# Help!!! Please!!!



## Angie.grier207 (9 mo ago)

I have a 2008 x3 with 110,000 miles I keep getting codes P0171 P0174 the o2 sensors were changes the spark plugs coil packs were changed and the map sensor was changed the car is still stalling when I accelerate and Idle at times as well. Once I’m at a high speed my car runs like a boss I don’t know what else to do help!!


----------



## HotGrbg (Apr 23, 2021)

You most like have a large intake leak. Carefully inspect your engine compartment for loose pipes or places unmetered air can get into the engine.
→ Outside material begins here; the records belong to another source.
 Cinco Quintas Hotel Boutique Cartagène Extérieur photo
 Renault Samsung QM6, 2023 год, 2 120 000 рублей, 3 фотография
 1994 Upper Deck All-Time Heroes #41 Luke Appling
If you don’t find anything then take it to a qualified mechanic for a smoke test.


----------



## Angie.grier207 (9 mo ago)

HotGrbg said:


> You most like have a large intake leak. Carefully inspect your engine compartment for loose pipes or places unmetered air can get into the engine. If you don’t find anything then take it to a qualified mechanic for a smoke test.


Thank you!!


----------



## BimmurBrothor (Jun 30, 2017)

Angie.grier207 said:


> I have a 2008 x3 with 110,000 miles I keep getting codes P0171 P0174 the o2 sensors were changes the spark plugs coil packs were changed and the map sensor was changed the car is still stalling when I accelerate and Idle at times as well. Once I’m at a high speed my car runs like a boss I don’t know what else to do help!!


What type MAF sensor?
Toss it...if it is aftermarket!
Must have OEM... best i know.


----------



## Angie.grier207 (9 mo ago)

It is oem the car has a pcv recall do you guys think that might be it?


----------



## BimmurBrothor (Jun 30, 2017)

Angie.grier207 said:


> It is oem the car has a pcv recall do you guys think that might be it?


Sorry not familiar with pcv...


----------